* [What is expected]: Restate, exactly as written, the entries below from the line that holds "DEX FIT Safety" through the line that holds "Zdjęcie oferty: SZALIK". Pictures are not part of the copy.

Caption-style text data
-*-*-
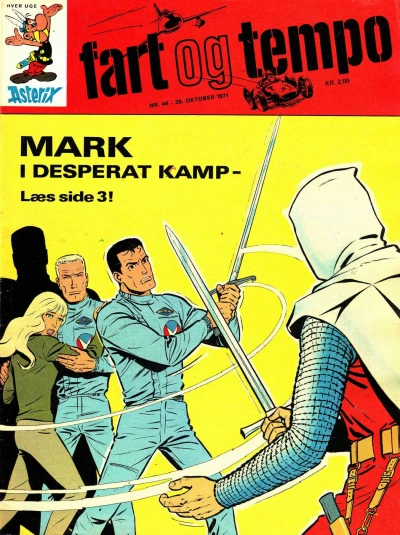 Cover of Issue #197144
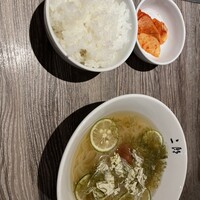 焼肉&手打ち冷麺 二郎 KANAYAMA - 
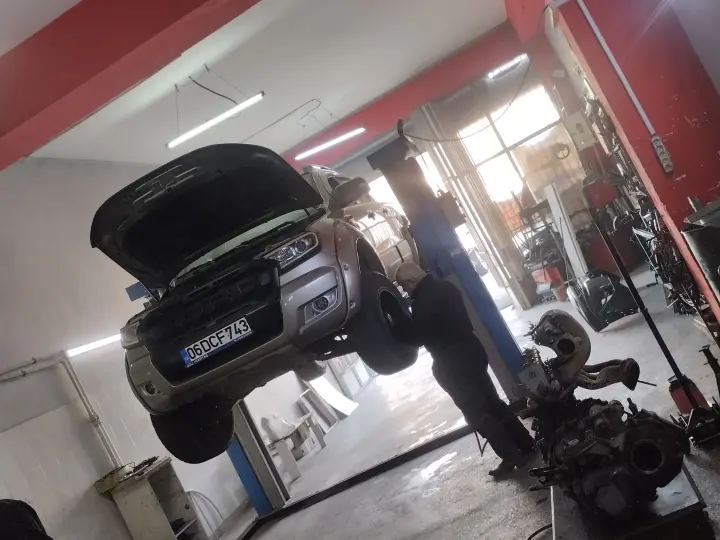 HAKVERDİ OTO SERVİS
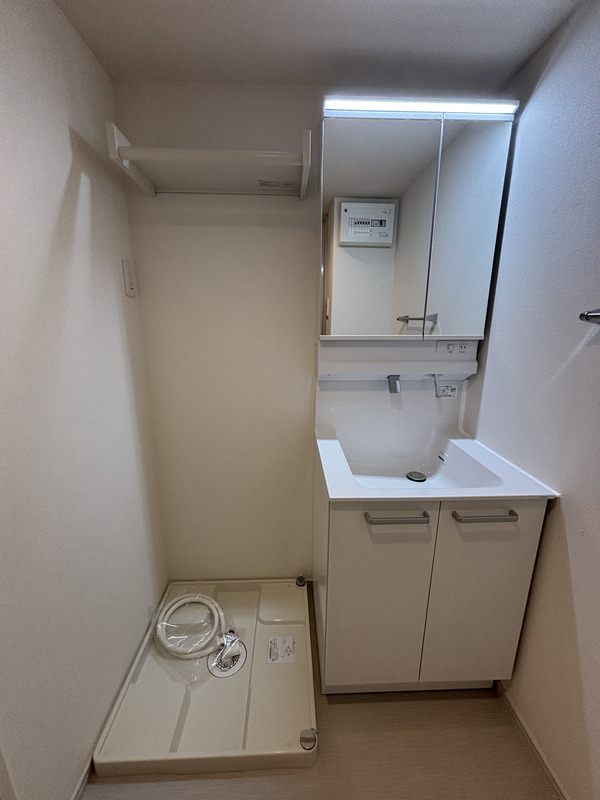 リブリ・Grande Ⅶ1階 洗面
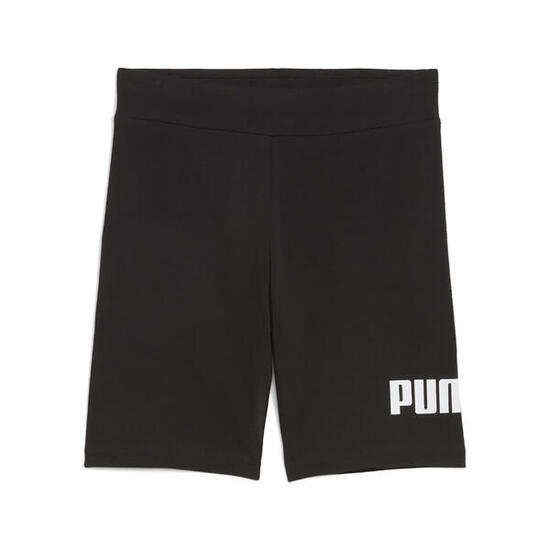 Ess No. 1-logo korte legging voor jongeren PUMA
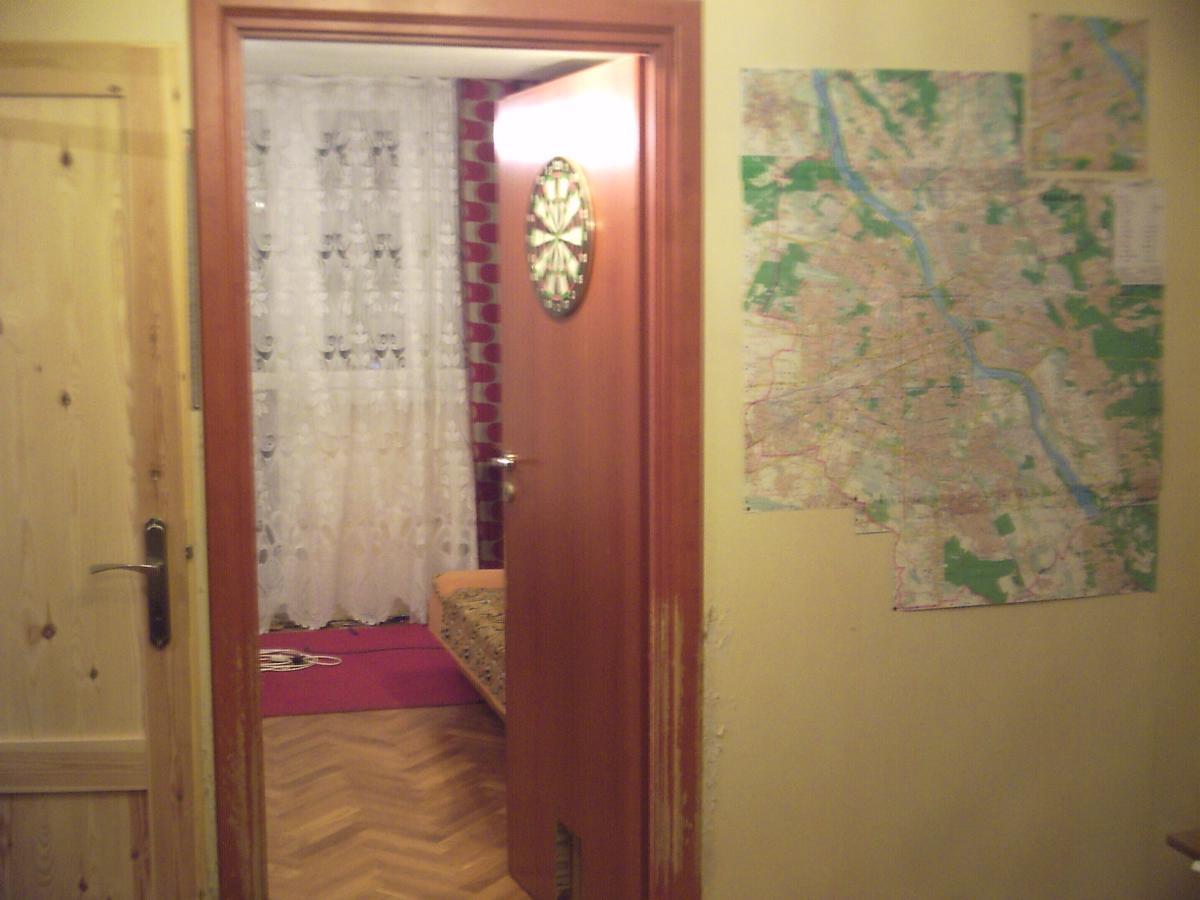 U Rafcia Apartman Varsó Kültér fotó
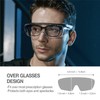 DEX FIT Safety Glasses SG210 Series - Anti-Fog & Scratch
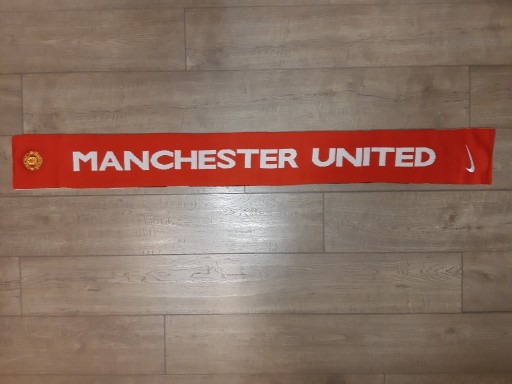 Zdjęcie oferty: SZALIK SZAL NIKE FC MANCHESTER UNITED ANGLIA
-*-*-
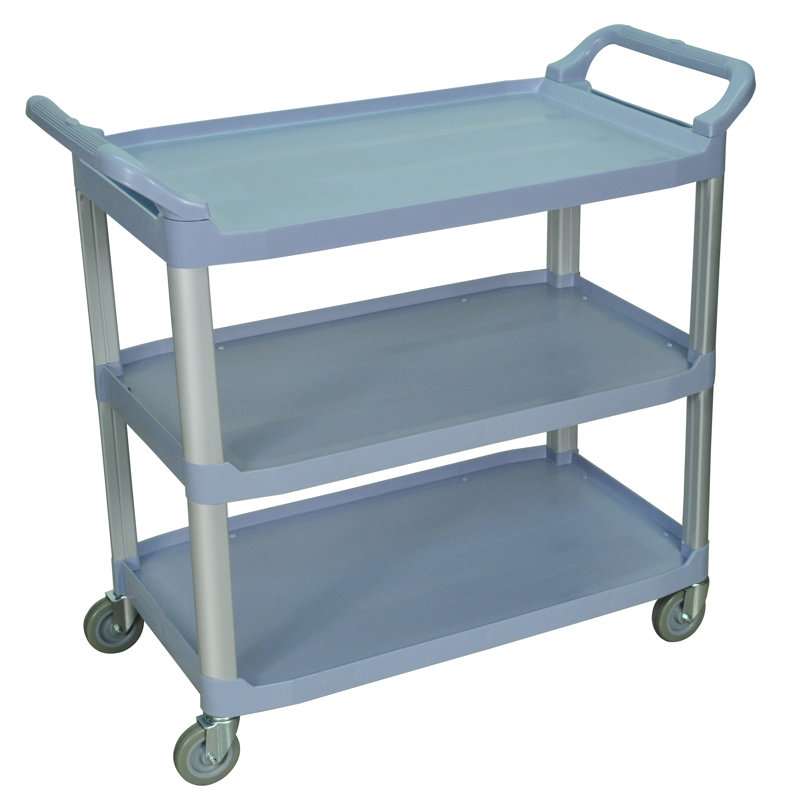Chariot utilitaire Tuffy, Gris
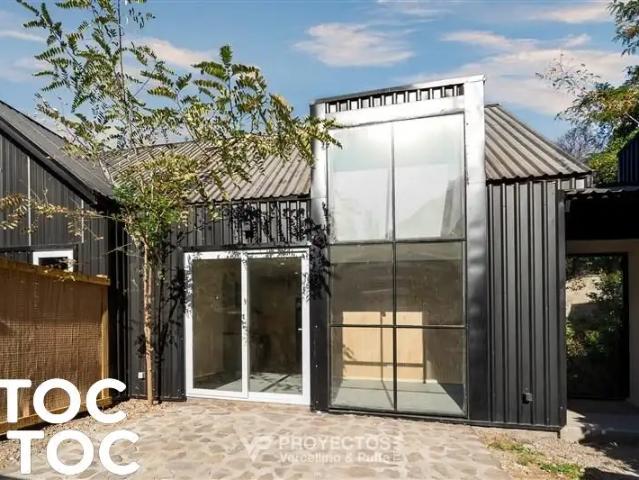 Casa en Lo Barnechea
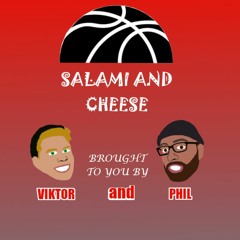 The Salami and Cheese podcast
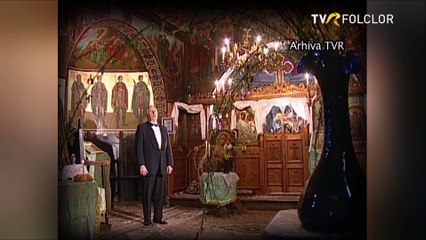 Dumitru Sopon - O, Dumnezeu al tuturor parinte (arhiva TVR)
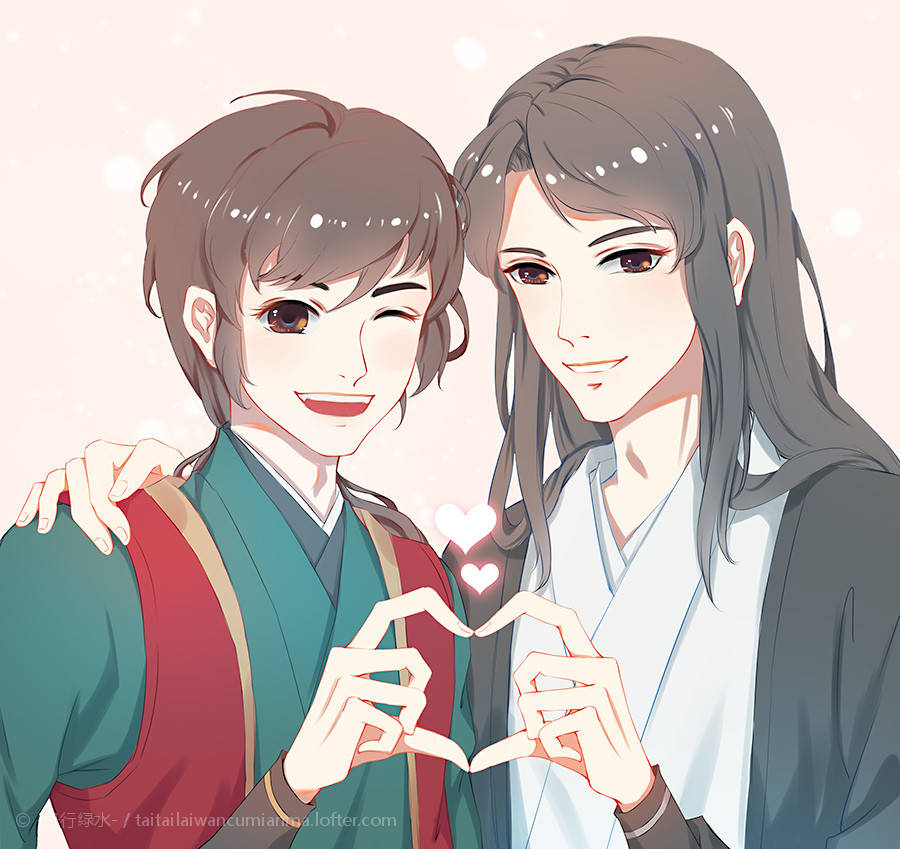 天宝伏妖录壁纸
-*-*-
* [Task result]:
 DEX FIT Safety Glasses SG210 Series - Anti-Fog & Scratch
 Zdjęcie oferty: SZALIK SZAL NIKE FC MANCHESTER UNITED ANGLIA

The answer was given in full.